-- Required work --
Please reproduce all of the entries exactly, without omitting any.

-- Available data --

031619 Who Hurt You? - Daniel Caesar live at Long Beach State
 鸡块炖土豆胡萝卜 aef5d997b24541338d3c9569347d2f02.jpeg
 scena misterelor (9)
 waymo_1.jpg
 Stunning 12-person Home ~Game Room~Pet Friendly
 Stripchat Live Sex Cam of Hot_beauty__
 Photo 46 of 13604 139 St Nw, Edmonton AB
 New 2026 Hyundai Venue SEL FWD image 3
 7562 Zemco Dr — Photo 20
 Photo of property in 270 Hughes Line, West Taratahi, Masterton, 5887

-- Exercise solution --
031619 Who Hurt You? - Daniel Caesar live at Long Beach State
 鸡块炖土豆胡萝卜 aef5d997b24541338d3c9569347d2f02.jpeg
 scena misterelor (9)
 waymo_1.jpg
 Stunning 12-person Home ~Game Room~Pet Friendly
 Stripchat Live Sex Cam of Hot_beauty__
 Photo 46 of 13604 139 St Nw, Edmonton AB
 New 2026 Hyundai Venue SEL FWD image 3
 7562 Zemco Dr — Photo 20
 Photo of property in 270 Hughes Line, West Taratahi, Masterton, 5887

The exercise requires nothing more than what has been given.